Principle 8. Comprehended Action. Week 4 

You Will Make Your Conflicts Disappear When You Understand Them In Their Ultimate Root, Not When You Want To Resolve Them

Last time: Phantoms and Laughs

This time: Outgrowing old beliefs and ideas 

The Principles of Valid Action:

This seems a good opportunity to emphasize once again that these principles present a kind of system — or tapestry if you prefer. To understand them I have to consider each one in the light of the others. In applying them— more than attempting to find a tactic for a particular problem — I am trying to weave together a way of facing life, a general direction, or style of life. 

What is important about the principles? It wouldn’t matter if there were three or 15. It doesn’t matter exactly how they are phrased. They were not engraved tablets of stone; they are not cosmic laws. What’s valuable about them is that they point you back to your registers of unity and contradiction. As Silo asks us:

The point then is this: will those principles of valid action that allow every human being to live in internal unity be fixed images that have to be obeyed, or will they correspond to what one experiences when they are rejected or fulfilled?

Internal Landscape X:9 __Silo


This Week:

Previously we concentrated on the general structure and scope of this principle. We then turned to how we applied, or could have applied, this principle in the past. Then last week we considered the present. This week we try to relate it to the future and pending situations. 

For example, I know I have a difficult work meeting coming up, or I have a family dinner where certain conflicts will likely surface, or I think about the state of the world and fear the growing chaos, etc.

If I can see conflicts emerging on the horizon, can I also see the root of their arising? Can I through that comprehension avoid those future conflicts? What circumstances seem to make that possible? What are the conflicts that I seem to fall into again and again?

This week to help gain some new perspectives on this principle we will consider not only how it might apply in the future, but we will also play the game of 

Explain It!

 

The Game of the Week:

Feeling Playful?

This week’s game is simple: explain your basic understanding of the principle. Maybe, you slip it into a conversation. Maybe, you announce your intention, e.g. “We are studying these principles of behaviour, let me tell you my take on one we have been discussing this week”. 

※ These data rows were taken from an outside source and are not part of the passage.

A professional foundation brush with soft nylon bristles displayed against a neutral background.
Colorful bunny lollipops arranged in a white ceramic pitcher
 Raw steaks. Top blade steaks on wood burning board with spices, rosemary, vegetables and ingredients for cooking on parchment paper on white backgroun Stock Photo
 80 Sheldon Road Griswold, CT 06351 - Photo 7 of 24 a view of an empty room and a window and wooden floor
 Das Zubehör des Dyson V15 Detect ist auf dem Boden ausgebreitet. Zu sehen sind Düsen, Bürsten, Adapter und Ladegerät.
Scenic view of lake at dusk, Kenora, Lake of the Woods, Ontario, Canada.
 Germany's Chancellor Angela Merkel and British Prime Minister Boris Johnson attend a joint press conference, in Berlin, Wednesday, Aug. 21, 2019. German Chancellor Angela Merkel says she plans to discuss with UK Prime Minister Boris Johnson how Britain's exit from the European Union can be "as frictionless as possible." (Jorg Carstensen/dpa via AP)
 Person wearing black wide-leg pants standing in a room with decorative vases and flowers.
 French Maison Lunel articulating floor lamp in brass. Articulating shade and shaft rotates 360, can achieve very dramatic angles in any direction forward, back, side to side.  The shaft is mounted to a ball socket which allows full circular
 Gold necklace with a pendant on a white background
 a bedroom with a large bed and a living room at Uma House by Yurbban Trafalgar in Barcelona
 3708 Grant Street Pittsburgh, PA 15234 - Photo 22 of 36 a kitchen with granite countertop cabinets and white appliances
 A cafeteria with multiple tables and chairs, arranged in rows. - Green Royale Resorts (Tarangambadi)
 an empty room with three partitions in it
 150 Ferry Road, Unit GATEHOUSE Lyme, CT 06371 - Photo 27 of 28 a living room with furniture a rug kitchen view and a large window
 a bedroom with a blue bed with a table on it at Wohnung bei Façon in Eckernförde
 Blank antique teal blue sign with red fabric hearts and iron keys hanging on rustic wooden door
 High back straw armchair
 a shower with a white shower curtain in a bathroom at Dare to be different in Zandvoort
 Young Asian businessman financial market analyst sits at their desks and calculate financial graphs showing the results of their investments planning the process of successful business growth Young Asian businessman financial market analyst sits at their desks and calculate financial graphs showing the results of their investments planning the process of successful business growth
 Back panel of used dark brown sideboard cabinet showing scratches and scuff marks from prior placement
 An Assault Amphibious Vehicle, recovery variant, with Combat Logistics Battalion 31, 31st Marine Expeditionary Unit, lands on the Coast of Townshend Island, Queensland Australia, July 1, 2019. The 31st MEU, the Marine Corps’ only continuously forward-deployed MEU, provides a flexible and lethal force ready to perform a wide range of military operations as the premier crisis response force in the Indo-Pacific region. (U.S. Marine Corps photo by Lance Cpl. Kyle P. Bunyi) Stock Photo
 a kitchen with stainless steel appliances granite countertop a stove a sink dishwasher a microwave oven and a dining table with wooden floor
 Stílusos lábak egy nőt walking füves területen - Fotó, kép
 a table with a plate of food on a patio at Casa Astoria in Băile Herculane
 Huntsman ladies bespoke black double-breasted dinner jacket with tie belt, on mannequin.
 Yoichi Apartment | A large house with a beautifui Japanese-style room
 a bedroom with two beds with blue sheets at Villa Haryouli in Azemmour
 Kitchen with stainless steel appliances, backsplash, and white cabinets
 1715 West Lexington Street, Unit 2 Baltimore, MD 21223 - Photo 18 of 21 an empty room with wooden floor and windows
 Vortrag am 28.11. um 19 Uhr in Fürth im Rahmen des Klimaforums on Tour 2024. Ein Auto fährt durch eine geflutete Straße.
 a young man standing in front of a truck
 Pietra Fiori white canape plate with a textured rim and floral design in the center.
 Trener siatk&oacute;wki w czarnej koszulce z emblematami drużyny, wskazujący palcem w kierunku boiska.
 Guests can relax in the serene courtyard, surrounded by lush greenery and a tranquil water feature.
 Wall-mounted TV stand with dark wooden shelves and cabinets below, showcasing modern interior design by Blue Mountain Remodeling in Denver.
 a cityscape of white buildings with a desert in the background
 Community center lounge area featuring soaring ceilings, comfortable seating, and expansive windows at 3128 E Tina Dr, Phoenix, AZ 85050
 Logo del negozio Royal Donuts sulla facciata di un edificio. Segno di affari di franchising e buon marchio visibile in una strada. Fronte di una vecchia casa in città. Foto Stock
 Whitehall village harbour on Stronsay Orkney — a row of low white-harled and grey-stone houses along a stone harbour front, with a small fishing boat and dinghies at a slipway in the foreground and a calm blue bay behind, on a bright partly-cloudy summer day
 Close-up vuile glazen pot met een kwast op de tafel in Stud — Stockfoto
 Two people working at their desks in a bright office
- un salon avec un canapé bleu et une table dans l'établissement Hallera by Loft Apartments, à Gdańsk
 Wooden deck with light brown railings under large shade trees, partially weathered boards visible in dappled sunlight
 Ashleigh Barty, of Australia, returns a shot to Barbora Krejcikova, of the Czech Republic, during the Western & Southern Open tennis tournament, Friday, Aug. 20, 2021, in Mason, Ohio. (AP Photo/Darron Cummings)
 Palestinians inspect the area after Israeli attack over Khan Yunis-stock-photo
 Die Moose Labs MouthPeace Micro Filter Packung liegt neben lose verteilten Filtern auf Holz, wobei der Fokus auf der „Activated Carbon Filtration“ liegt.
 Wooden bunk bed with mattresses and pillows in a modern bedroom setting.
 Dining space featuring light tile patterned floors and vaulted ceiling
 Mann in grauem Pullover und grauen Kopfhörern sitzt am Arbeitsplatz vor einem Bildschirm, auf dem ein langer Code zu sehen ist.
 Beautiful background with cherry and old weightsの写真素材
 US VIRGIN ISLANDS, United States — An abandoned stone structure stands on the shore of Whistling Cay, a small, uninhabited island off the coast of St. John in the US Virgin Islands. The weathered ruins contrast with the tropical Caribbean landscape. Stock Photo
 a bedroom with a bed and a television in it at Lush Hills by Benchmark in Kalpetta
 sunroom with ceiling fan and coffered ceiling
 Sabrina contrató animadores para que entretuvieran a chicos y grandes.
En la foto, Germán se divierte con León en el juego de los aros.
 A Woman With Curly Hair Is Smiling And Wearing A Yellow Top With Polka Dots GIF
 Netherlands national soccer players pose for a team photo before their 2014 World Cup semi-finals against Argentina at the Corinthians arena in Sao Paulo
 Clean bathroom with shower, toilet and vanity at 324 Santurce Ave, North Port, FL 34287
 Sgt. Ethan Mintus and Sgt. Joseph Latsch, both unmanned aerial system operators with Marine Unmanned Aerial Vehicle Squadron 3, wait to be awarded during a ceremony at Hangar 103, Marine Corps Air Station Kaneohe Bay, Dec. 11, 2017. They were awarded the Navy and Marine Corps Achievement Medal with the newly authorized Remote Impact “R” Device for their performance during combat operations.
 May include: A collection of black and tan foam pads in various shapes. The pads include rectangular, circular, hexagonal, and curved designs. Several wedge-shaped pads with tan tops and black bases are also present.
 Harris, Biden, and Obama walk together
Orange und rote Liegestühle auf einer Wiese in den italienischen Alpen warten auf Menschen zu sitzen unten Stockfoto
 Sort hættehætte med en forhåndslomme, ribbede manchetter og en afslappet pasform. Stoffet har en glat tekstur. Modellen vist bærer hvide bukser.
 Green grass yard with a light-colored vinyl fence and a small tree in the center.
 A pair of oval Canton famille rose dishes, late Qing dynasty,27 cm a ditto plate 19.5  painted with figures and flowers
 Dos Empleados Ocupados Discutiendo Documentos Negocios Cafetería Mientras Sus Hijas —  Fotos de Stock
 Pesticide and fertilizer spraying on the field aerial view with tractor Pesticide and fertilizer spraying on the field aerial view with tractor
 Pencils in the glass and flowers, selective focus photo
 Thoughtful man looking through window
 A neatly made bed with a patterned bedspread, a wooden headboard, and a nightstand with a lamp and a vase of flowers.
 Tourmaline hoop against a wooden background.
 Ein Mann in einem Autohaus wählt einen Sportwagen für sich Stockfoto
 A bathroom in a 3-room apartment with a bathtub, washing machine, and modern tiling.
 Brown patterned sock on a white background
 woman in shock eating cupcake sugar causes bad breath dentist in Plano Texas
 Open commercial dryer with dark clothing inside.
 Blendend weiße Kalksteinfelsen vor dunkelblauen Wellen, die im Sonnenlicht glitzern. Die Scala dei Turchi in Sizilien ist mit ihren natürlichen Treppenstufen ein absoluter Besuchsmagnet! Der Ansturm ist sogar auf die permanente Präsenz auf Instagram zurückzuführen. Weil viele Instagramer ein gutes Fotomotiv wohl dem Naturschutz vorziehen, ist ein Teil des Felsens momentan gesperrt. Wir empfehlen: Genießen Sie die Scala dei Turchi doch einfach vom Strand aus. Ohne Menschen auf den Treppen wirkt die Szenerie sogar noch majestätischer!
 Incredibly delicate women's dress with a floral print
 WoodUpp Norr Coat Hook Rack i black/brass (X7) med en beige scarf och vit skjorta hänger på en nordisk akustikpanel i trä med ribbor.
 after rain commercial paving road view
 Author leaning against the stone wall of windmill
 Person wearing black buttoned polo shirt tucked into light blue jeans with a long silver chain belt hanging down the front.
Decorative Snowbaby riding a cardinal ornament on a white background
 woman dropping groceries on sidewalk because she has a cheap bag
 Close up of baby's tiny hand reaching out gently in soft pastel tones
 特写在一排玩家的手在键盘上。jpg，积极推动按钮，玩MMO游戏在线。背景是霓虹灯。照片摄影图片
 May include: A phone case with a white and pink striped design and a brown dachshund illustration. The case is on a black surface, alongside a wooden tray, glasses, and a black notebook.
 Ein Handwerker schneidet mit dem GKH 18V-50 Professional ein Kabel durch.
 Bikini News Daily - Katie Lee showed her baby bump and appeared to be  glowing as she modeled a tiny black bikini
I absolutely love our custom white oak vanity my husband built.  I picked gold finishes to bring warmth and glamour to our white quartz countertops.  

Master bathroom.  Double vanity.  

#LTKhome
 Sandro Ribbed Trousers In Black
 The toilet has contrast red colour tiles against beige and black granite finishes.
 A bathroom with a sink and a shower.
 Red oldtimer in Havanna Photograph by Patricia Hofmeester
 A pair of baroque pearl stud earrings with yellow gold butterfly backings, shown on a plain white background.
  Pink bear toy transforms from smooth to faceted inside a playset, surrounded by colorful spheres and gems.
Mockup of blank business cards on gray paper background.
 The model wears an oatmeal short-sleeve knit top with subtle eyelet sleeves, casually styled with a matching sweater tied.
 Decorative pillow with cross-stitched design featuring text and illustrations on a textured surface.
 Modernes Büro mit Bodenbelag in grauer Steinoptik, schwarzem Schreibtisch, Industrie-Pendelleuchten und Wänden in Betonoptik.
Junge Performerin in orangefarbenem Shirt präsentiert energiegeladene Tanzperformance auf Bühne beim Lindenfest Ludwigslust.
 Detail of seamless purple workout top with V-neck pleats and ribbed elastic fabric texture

Of course, you might find it more interesting to engage another player (or players). So, if you can manage to talk to someone that’s great but if you can’t, maybe write down your understanding in an email and send it to  me, or to another friend, or to yourself - or don’t ever send it.  The point is to put your thoughts, and intuitions into a form that is suitable for sharing.

Of course, not having anyone at hand to play the game with might get you thinking about why that is. Perhaps, it is best seen as an opportunity to reflect on what that absence implies, and perhaps even take measures in enrich your social environment.

Another thing this game has in common with the game of Ask About It! is that it’s a game! In this game our interest is on engaging and communicating. Convincing, preening, recruiting, etc. are outside of the goals of the game. Rather, you are simply sharing your interpretation of something you find interesting.


General Considerations and Personal Reflections:

Here are some personal reflections. I offer them in the spirit of dialogue and exchange, and look forward to hearing your thoughts about, and experiences with, this principle.

We began this week with another story, one about a poor shepherd and their blanket. The shepherd discovered that discovery that problem (being cold at night) wasn’t that the blanket had changed. Rather the cause of the problem was that they had grown, and so the blanket could no longer cover them.

In our reflections of the future and this principle it seems fitting to turn to a larger example. Here’s a short video where Silo’s proposes a surprising answer to questions about the roots of our current global anxieties. In these two clips from an extended conversation, he affirms that that the chaotic moment we are living through is a result of us outgrowing old beliefs, and ideologies (social systems, ideas, and institutions). He seems to affirm that, while its hard to discern that’s a good, or at least inevitable, sign of real growth for the human being.

https://www.youtube.com/watch?v=W7vUypdShkQple.


Worth Repeating:

The path of learning is a path of action and not just contemplation.

There is no learning, however small, that you achieve through contemplation alone. You learn because you do something with that which you contemplate. And the more you do the more you learn, for as you go forward your vision continues to change. 

The Internal Landscape Chapter VI__ Silo

Coming up:

Next week we’ll begin our considerations of principle 9 (the principle of liberty). It says: “When You Harm Others You Remain Enchained, But If You Do Not Harm Anyone You May Freely Do Whatever You Want”.

Remember:

- Reflect on this principle and how you imagine your future. 

-Play the game of Explain It!

Note:

The story of the monkey and the fish was from Mani in Berlin.